Много лет спустя, рассказывая журналисту Сергею Филиппову «эксклюзивную историю» ссоры, Карпов подчеркивал: «Что происходило, когда Лермонтов и Мартынов сходились у Верзилиной, знали вообще очень немногие. У меня была хорошо знакомая личность, которая всегда присутствовала на верзилинских вечерах… Она мне рассказала то, чего сам не знал, и вообще передала все подробности, которые я своевременно записал…» Вот так – от самой Екатерины Ивановны, а также от ее жениха и его приятеля-писаря – и пошли, скорее всего, по городу разговоры о вине Надежды Верзилиной, которые породили глухие намеки в книгах первых биографов и нашли прямое отражение в рассказах пятигорских старожилов.
Что же, по рассказам Екатерины Кнольд, «на самом деле случилось в тот роковой вечер в доме Верзилиных»? Оказывается, «Надя… очаровывала всю молодежь, но больше всех за нею ухаживал красавец Мартынов, которому и она, по-видимому, оказывала особое предпочтение. Безусловно, такое внимание не нравилось Лермонтову, и он бесил своего товарища всевозможными остротами, всегда стараясь, чтобы их слышали все, и преимущественно Надя. Девочка, заинтересованная Мартыновым, сейчас после этого почувствовала нерасположение к Михаилу Юрьевичу, стала уклоняться от разговоров с ним, избегать его любезностей. Последний еще сильнее начал нападать на Мартынова и становился все изобретательнее и злее в своих остротах».

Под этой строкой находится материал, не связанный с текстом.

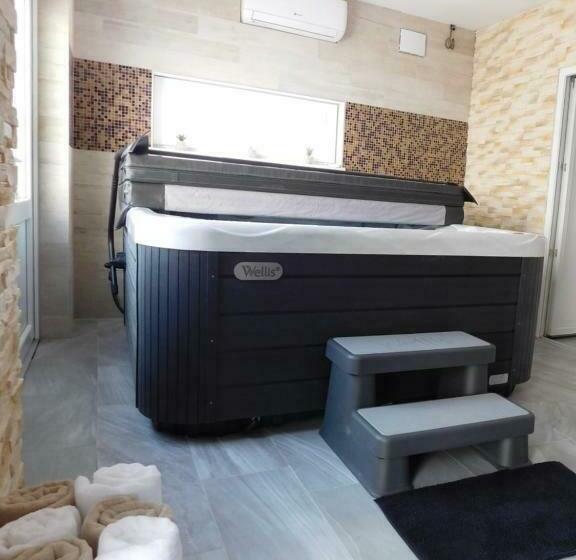 פנסיון Kóbor Vendégház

Однажды Лермонтов показал Наде нарисованную на ломберном столе карикатуру на Мартынова, чем очень разозлил девушку. Мартынов, наблюдавший за ними со стороны, понял, что сделался предметом очередной насмешки, и по окончании вечера вызвал Лермонтова на дуэль. Слухи об этих событиях, разнесенные верзилинской прислугой, тут же стали достоянием пятигорских обывателей. По словам Карпова, уже на похоронах кто-то во всеуслышание заявил: «Дуэль-то произошла из-за барышни. Мне говорили сенные девушки, что Мартынов заступился за нее и убил Лермонтова».
Кстати сказать, Карпов тоже указывал на одну из хорошо осведомленных «девушек» как на источник информации: «Эта же история была рассказана мне сейчас же после случившегося и другим человеком, постоянно уже находившимся при Надежде Петровне, – ее девушкой, хотя, конечно, не так подробно и связно, как рассказала г-жа К[нольд]]…» Таким образом, убежденность в виновности Надежды была довольно устойчивой.

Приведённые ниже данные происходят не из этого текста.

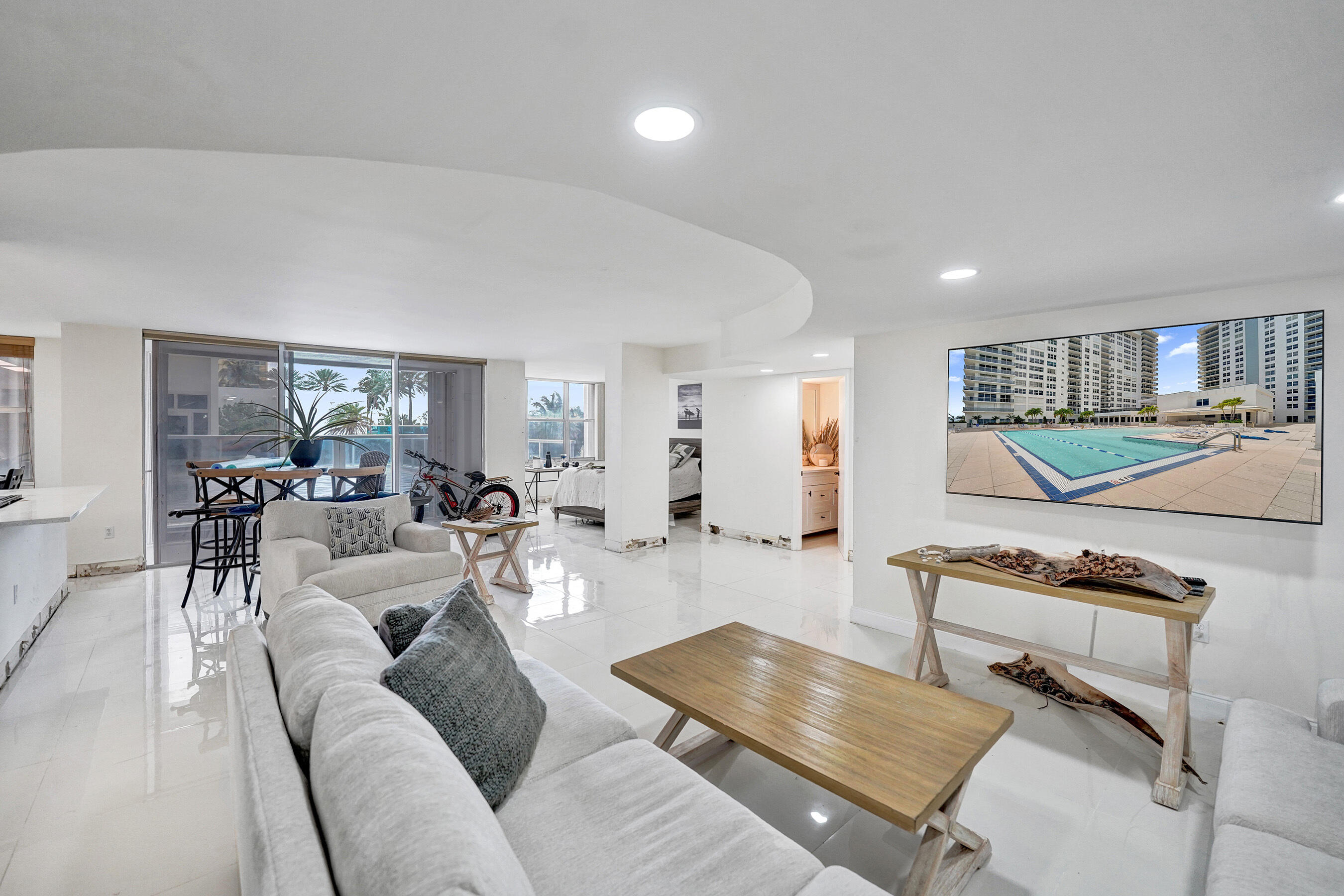 AQUARIUS CONDO - Residential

Можно, конечно, от этой версии отмахнуться, посчитав ее «взглядом из кухни», то есть точкой зрения подглядывающей за господами прислуги. Так и поступали на протяжении минувших 170 лет биографы и исследователи творчества Лермонтова. Но не стоит ли все же обратить внимание на столь устойчивую «параллельную версию»? И прислушаться если не к болтовне «сенных девушек», то к мнению священника Эрастова и плац-адъютанта Сидери, людей достаточно осведомленных о происходившем в доме Верзилиных. Да и Карпову, любившему фантазировать «на лермонтовскую тему», в данном случае нет оснований не верить в том, что Екатерина Ивановна «дружила с ней (Надеждой) и слышала все ее рассказы о том, что творилось в доме Верзилиной. Она поэтому знает всю подноготную, что и рассказала мне. Она-то и говорит, что… Лермонтов погиб по ее (Надежды) неуменью владеть собою».
Возможно, и так. И если поверить Екатерине Ивановне Кнольд, то в адрес Надежды Верзилиной можно выдвинуть и куда более серьезные обвинения, как это делает А. Марков в статье «Cherchez la femme» – «Ищите женщину». «Характерны записи П. А. Висковатова, – пишет Марков, – об одном из поклонников Н. П. Верзилиной С. Д. Лисаневиче: „К Лисаневичу приставали, уговаривали вызвать Лермонтова на дуэль – проучить. «Что вы, – возражал Лисаневич, – чтобы у меня поднялась рука на такого человека!»“ Висковатов не указывает, кто уговаривал Лисаневича. Но перед вызовом Лермонтова Мартыновым 13 июля 1841 г. с будущим убийцей поэта разговаривала именно Надежда Петровна Верзилина. Может, другого своего поклонника именно она и смогла уговорить?»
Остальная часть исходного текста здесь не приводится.